Böyledir âşığın destanı. Korkmasına korkar, iyileşmek umuduyla yaralanır, bağışlanamaz olanı bağışlamaya çalışır. Unutmaya çalışır, olmayan şeylerin yasını tutar. Gün gelir unutur, belki yeniden âşık olur: Nihayetinde ortada destan vardır. Destanı yalan komak olmaz.
[1] To His Coy Mistress, Andrew Marvell. Çeviri tarafıma ait.
[2] Ayrıntılı bilgi için bkz: Sandra M. Lynch. (2013). Dostluk Üzerine. (Çev. Fermâ Lekesizalın), Ayrıntı.
[3] Ayrıntılı bilgi için bkz: M. Foucault. (1986). The Use of Pleasure: The History of Sexuality, II., Vintage Books.

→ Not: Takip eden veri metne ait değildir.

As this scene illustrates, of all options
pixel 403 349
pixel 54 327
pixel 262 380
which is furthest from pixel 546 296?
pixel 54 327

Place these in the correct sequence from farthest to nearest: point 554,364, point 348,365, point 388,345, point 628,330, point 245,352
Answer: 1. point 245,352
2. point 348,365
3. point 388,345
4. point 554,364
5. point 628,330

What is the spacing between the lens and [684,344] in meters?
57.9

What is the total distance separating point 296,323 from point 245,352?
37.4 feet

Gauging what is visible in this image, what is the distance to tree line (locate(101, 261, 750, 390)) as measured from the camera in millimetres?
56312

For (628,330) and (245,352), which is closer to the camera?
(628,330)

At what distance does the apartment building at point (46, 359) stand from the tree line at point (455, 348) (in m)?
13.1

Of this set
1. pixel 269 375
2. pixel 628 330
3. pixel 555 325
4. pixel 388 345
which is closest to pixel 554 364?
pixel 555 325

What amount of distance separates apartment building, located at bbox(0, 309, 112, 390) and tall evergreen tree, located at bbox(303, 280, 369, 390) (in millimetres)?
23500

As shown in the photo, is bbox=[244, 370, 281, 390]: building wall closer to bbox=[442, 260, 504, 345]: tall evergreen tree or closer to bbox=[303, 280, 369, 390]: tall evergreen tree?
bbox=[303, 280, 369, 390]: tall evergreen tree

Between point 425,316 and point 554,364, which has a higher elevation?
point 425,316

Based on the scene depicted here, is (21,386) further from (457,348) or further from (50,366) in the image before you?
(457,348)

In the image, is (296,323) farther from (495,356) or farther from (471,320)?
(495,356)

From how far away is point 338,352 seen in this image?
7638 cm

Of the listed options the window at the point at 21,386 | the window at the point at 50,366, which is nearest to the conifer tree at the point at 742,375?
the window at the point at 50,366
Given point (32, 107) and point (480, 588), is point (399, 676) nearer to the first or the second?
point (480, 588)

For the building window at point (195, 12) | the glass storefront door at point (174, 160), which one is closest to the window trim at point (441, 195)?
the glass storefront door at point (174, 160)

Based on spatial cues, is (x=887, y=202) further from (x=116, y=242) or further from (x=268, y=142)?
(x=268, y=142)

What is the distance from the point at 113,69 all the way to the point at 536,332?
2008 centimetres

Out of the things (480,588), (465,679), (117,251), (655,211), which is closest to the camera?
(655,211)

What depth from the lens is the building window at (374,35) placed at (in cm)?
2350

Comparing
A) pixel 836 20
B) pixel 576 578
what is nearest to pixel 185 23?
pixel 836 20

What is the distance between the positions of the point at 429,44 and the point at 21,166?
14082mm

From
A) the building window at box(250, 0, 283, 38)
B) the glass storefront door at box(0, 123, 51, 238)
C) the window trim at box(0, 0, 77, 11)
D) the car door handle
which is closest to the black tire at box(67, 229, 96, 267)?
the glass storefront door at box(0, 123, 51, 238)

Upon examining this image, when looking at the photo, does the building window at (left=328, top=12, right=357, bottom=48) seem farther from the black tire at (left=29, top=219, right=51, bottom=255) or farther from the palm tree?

[4] Aşkın nihai bir keder veya yaralanma olduğu, şarkılarda da net olarak gözükmektedir. Birçok şarkı, aşkın kişide açtığı yaraları, kişiye verdiği kasveti veya üzüntüyü anlatır. Aşkın bir iyileştirici olarak, keyifli ve heyecan verici bir şey olduğuna değinen pek az şarkı vardır.
[5] Haldun Taner (2015). Keşanlı Ali Destanı. Yapı Kredi Yayınları.
[6] Niklas Luhmann. (2014). Aşk. (Çev. Akın Terzi). Edebi Şeyler.
[7] Ernest Hemingway. (2018). Çanlar Kimin İçin Çalıyor. (Çev. Erol Mutlu). Bilgi Yayınevi.
[8] Alexandre Dumas. (2019). Üç Silahşör. (Çev. Volkan Yalçıntoklu). İş Bankası Kültür Yayınları.
[9] Zeynep Sayın, İmgenin Pornografisi adlı eserinde, Plinius’un Doğa Tarihi’ndeki bir anlatıyı aktarır: “…sevgilisi uzaklara giden bir kadının, onun gölgesini ‘resimsilkme’ denen yöntemle resmetmesiyle gerçekleşmiş, kadının âşık olduğu erkeğin gölgesi, sevilen bedenin varlığıyla yokluğu arası bir varoluşu esinlemiştir” (s.37). Kadın, geçip gitmiş olanı, eski zamana ait olanı, kendi isteğiyle şimdi’ye çağırır. Zamana ve mekâna olan bağımsızlık tek taraflıdır ama kalıcıdır.
[10] Eski Yunancada psyche kelimesi, ruh, nefes veya can anlamlarına gelir.
[11] Eski Yunan anlatılarında, tanrıların kıskanç olduğu sıkça dile getirilir. Bu, aslında insanların aşırıya kaçmamaları ve ölçülü olmaları için verilmiş bir gözdağıdır. Herhangi bir şeyde aşırıya kaçtıklarında, tanrılar ya kıskanır ya da kızarlar. Eski Yunan toplumunda, en büyük günahlardan biri, bu yüzden hubris’tir; aşırıya kaçma, haddini aşma veya kibir. Psyche güzellikte haddini aşmış, Afrodit’i sinirlendirmiştir.
[12] Jacques Derrida. (2001). On Forgiveness. (Çev. Mark Dooley ve Michael Hughes). Routledge.